Tuesday, March 9, 2010

Good Morning Friends,

I want to make a brief interruption of our present mode of analysis to mention Barbara Ehrenreich's book, Bright-Sided: How the Relentless Promotion of Positive Thinking Has Undermined America (Metropolitan Books, Henry Holt & Company, New York, 2009). This book, particularly the chapter called "The Dark Roots of American Optimism," will be very helpful to our understanding.

I have been laying out the highly counterintuitive thesis that the capitalist ruling class actually does not like capitalism very much; and they view it, in fact, as a lower form of existence, like the "agents" in The Matrix. They desperately seek to escape this form of existence, after all the kings and aristocracy of old did not have to toil in order to be wealthy, to own practically all the wealth of the land, in fact. They were wealthy simply by virtue of their position.

I have been saying that capitalism is a system reluctantly constructed by the western ruling classes, though I admit I am not yet clear as to the precise political history. It would seem from the outside that capitalism has enriched them marvelously; but I don't think they necessarily see it that way. It's nothing like the serious wealth to be gained from a return, as much as possible, to the conditions that allowed the monarchs and aristocracy to have their staggering wealth. Remember that list I cited from the Wall Street Journal (1999) from Kevin Phillips book, Wealth and Democracy, of the fifty riches people of the previous thousand years? Most were kings, popes, bankers to kings and popes, traders under official license, conqueror-rulers. Only one, Bill Gates, was an actual capitalist, barely, but will come back to that.
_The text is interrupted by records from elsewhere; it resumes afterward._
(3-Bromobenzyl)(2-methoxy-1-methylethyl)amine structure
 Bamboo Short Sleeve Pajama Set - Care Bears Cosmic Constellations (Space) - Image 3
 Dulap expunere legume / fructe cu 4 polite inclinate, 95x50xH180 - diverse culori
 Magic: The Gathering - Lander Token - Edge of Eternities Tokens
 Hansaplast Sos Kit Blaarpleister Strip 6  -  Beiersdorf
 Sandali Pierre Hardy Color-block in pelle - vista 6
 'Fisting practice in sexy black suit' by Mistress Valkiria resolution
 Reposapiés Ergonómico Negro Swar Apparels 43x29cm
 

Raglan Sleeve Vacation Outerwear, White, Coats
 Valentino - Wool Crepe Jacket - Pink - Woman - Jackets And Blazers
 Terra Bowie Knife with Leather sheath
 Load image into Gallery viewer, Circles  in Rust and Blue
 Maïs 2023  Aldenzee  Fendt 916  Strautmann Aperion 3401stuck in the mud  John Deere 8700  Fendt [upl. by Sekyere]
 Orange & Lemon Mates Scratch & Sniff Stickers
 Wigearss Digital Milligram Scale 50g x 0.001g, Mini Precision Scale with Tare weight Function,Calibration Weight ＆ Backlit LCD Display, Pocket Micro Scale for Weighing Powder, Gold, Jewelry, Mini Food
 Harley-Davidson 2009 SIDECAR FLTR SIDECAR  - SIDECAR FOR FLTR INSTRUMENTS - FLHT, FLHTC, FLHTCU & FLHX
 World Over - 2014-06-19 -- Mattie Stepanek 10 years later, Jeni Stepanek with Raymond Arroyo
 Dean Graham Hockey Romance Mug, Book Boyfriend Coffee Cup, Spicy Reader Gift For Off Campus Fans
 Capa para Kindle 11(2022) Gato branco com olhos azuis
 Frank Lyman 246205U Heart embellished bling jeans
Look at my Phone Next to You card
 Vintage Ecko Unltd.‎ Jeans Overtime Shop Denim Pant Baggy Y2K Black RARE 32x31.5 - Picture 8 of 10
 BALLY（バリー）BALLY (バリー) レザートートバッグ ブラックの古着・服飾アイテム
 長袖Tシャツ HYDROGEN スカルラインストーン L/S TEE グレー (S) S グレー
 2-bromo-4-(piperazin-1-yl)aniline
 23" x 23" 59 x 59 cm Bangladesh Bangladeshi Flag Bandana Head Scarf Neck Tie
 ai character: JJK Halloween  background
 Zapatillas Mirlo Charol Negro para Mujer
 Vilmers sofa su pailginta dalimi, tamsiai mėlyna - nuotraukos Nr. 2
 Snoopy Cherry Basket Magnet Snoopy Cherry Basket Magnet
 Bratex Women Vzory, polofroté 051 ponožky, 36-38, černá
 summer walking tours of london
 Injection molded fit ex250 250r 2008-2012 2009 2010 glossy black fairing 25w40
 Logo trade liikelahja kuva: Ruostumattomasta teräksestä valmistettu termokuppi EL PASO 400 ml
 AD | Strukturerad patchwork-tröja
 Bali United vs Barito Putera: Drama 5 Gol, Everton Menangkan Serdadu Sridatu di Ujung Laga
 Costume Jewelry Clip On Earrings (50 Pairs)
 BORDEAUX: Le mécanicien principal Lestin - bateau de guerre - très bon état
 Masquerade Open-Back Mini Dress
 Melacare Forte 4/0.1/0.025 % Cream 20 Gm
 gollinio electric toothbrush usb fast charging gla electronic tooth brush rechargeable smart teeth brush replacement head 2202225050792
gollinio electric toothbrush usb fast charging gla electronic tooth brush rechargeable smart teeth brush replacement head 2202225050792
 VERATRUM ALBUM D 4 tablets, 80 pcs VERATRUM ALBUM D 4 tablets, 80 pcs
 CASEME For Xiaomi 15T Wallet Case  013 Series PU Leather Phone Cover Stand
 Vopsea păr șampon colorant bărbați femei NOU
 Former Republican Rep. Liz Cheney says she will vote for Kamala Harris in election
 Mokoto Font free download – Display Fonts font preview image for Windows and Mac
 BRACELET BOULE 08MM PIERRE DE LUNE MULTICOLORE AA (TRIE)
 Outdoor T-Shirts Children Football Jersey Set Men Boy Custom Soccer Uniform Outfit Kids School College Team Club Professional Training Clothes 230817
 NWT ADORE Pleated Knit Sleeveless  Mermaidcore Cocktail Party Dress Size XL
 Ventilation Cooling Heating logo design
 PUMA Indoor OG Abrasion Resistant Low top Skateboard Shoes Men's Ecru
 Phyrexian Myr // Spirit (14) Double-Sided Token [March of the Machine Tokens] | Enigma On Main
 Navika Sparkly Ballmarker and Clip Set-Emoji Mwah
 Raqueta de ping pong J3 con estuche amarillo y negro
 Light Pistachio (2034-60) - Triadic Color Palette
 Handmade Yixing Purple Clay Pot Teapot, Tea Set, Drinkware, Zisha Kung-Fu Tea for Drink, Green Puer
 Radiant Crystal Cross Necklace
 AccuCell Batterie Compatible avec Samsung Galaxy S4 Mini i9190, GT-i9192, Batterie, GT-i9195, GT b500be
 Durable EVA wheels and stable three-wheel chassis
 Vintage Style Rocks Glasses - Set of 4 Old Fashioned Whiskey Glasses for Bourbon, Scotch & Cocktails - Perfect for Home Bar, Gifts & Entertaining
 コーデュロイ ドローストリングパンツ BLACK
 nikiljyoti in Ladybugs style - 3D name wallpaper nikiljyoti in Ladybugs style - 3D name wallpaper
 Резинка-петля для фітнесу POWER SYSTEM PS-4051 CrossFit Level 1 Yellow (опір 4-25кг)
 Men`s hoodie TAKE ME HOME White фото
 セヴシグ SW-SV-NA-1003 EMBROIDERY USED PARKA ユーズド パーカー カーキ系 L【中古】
Their visible dislike of capitalism is manifest in the traditional, worldwide sociological New Money-Old Money tension. I have said that New Money always wants to become Old Money, just as quickly as possible - which is why they practice capitalism as viciously as they do. They want to grow really rich as soon as possible so that they may expand into the realm of Old Money, free at last, as soon as possible. Financialization, I said, is one way of achieving this as quickly as possible, of "aging" their wealth as soon as possible. I said that when capitalism hits its natural limits to expansion, one of two modalities are triggered, so it seems to me: virtual and disaster capitalisms. Financialization is virtual capitalism.